LA MATIÈRE PREMIÈRE EST LE PRINCIPE DU MAL. LES GNOSTIQUES. PLOTIN

Plotin ne veut pas qu’on puisse dire d’une planète qu’elle est méchante ; il ne veut pas qu’on puisse la rendre responsable des malheurs qu’elle annonce ; et, pour cela, de ces malheurs, il déclare qu’elle n’est pas cause, mais seulement signe.

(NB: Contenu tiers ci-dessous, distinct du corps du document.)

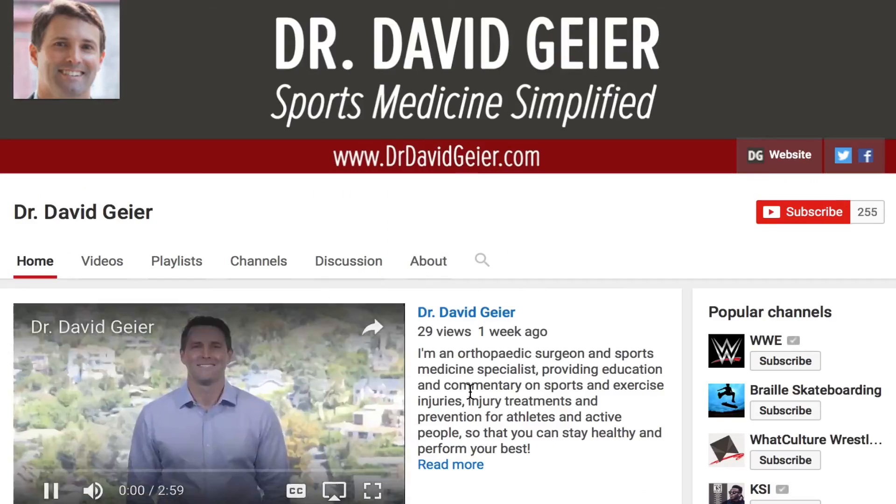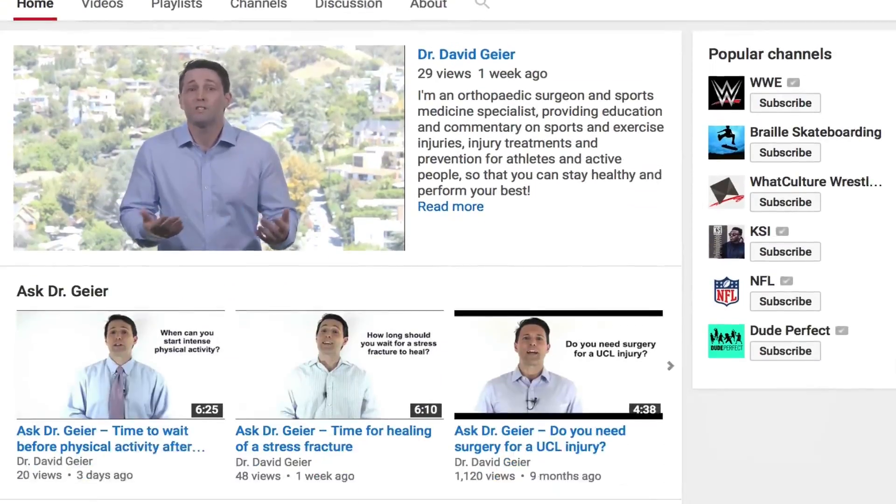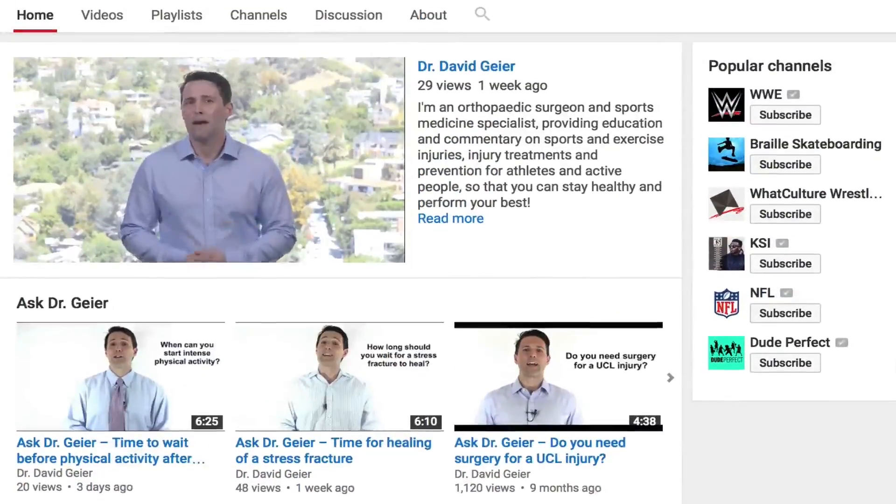I would love to hear your biggest injury challenge. In the description below this video I've included a link where you can tell me all about your injury — go into as much detail as you need to. I would love to hear about it so I can design more content, even courses and programs, to better help you. If you like videos like this and want more information on sports and exercise injuries, injury treatments, and injury prevention, subscribe to my video channel. I record several of these videos every single week, so click the subscribe button and they'll get delivered directly to you. Thank you so much for watching — I really hope this was helpful and I look forward to seeing you right here next time.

Mais si les astres sont signes des événements bons ou mauvais qui adviendront dans le monde sublunaire, c’est en vertu d’une harmonie établie par le premier Être, par la Cause suprême. Les maux dont ils ne sont point causes, faut-il donc en faire remonter la responsabilité jusqu’à la Cause première ou, du moins, jusqu’aux substances qui s’échelonnent entre cette Cause et les orbes célestes ?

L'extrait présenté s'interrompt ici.